The Weekend Wonk: Will the Supreme Court (Still) Kill Renewables?
February 14, 2016
Obviously, the passing of Antonin Scalia removes one of the Supreme Court’s biggest obstacles to a liveable planet.
Clearly this puts a whole new focus on the importance on the next POTUS- as that person may be able to appoint as many as 3 justices, and change the complexion of the Court for the better, or much, much worse… for a long time.
After listening to this discussion, I’m feeling better informed, and optimistic.
“The Energy Gang” is a podcast from Greentech Media, which I’ve excerpted here, hope they don’t mind. Jigar Shah, who I’ve had the pleasure of meeting, and his co-hosts Stephen Lacey and Katharine Hamilton, are a fire hose of information, that feels like a blast of pure oxygen.
Segment of most interest begins at 24:28.

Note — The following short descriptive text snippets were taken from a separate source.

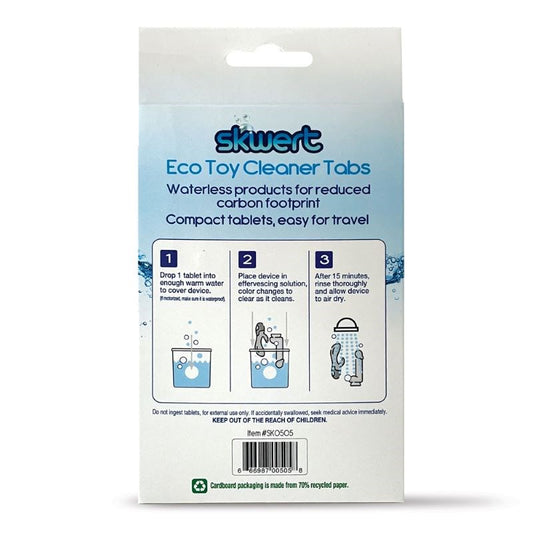Skwert Eco-Friendly Toy Cleaning Tabs - Hassle-Free Sanitization Adult Toy Cleaner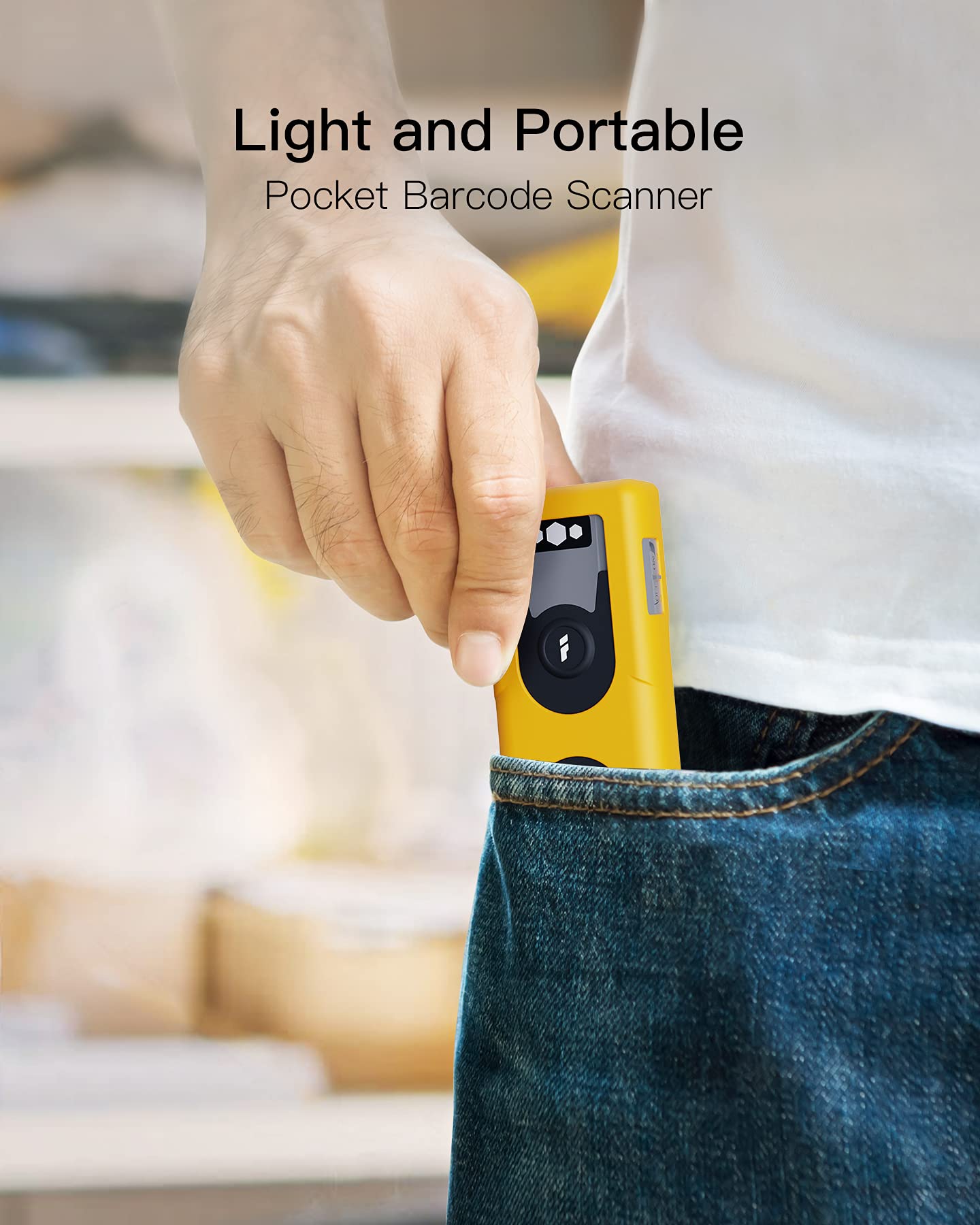 Inateck 2D Bluetooth® Pocket Barcode Scanner BCST42, 50 OFF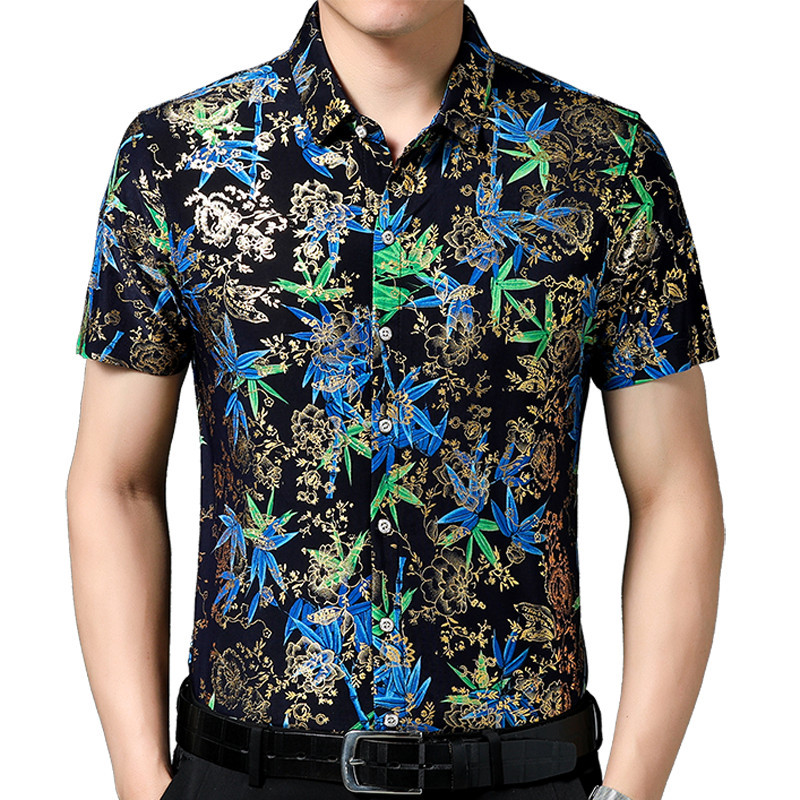 Fashionable silk men's shirt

Important point: although a lot of people were upset with the Supreme Court action staying the Clean Power Plan regs while a court challenge is in progress, don’t forget that the court gave renewable energy a huge victory just a few weeks ago, which may ultimately
be more important in the scheme of things.
In addition, Congress recently extended renewable energy tax credits, so giving a clear signal to markets for years into the future – a hugely important spur to continued development.

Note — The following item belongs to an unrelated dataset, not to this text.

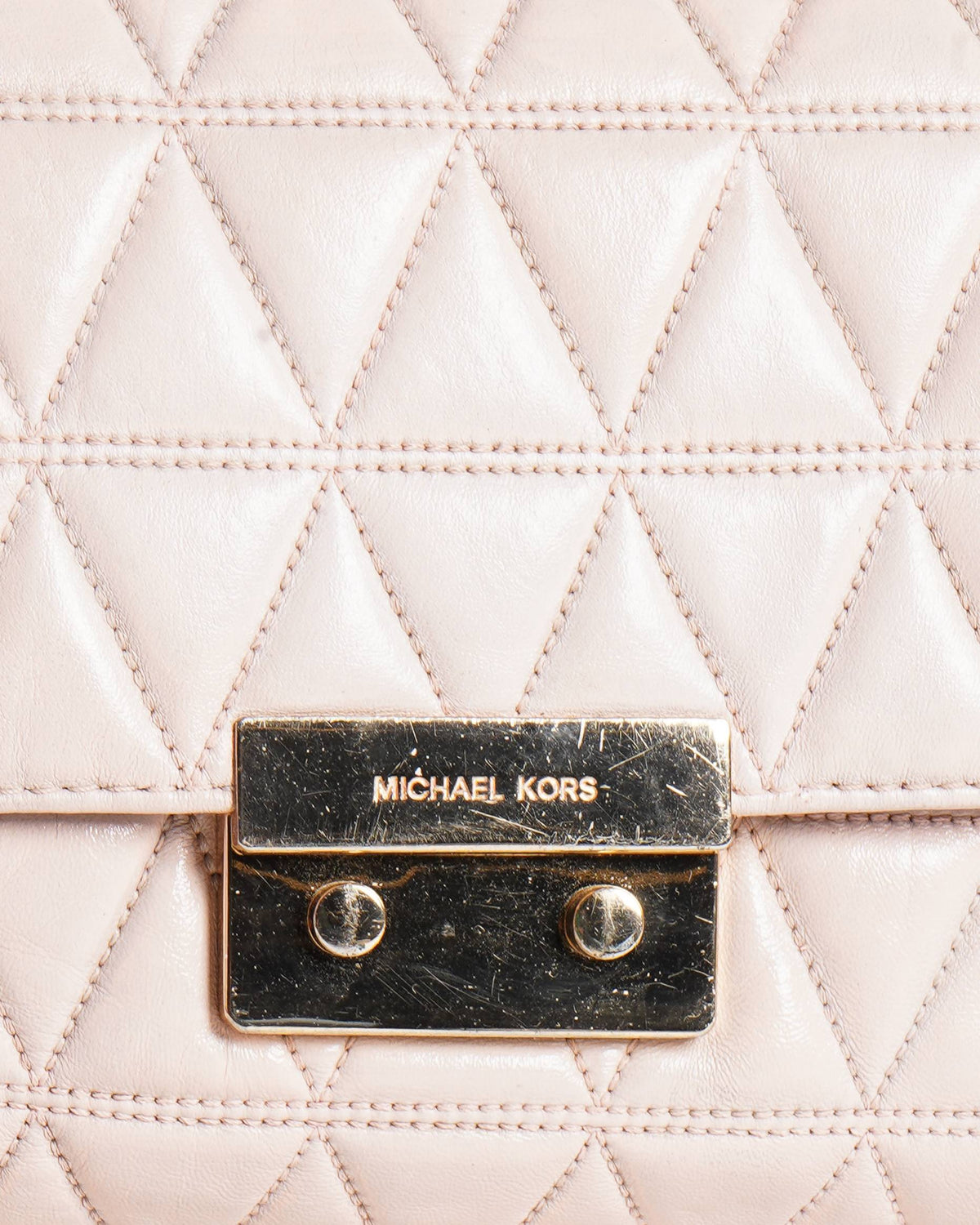 Michael Kors pink quilted shoulder bag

Even as the solar industry faces unprecedented regulatory obstruction at the state level, its future on the federal stage has rarely been brighter. In mid-December, Congress stunned activists, solar-industry executives and investors by cutting a deal to renew billions in federal support for solar power that had been slated to expire at the end of 2016 – avoiding a “solar cliff” that could have staggered the industry.

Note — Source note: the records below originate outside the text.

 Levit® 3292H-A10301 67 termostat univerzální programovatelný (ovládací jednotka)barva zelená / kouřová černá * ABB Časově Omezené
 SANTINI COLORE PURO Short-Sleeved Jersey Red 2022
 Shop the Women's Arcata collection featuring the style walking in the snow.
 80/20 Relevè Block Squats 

Signed into law with the $1.8 trillion year-end budget, the solar accord extends a tax credit that offsets up to 30 percent of solar project costs – even as those costs continue to plummet. The impact is projected to be massive: 20 gigawatts of new solar power added over the next five years, nearly doubling the nation’s output.
But this freakish fit of solar bipartisanship is fragile. In no uncertain terms, the American solar industry will be on the 2016 ballot. Last year, the Obama Environmental Protection Agency finally unveiled its mechanism to curb the power sector’s carbon emissions. By 2030, the Clean Power Plan would reduce national electricity sector emissions by one-third. Under the plan, the administration projects renewables like solar will rise to 28 percent of U.S. power generation.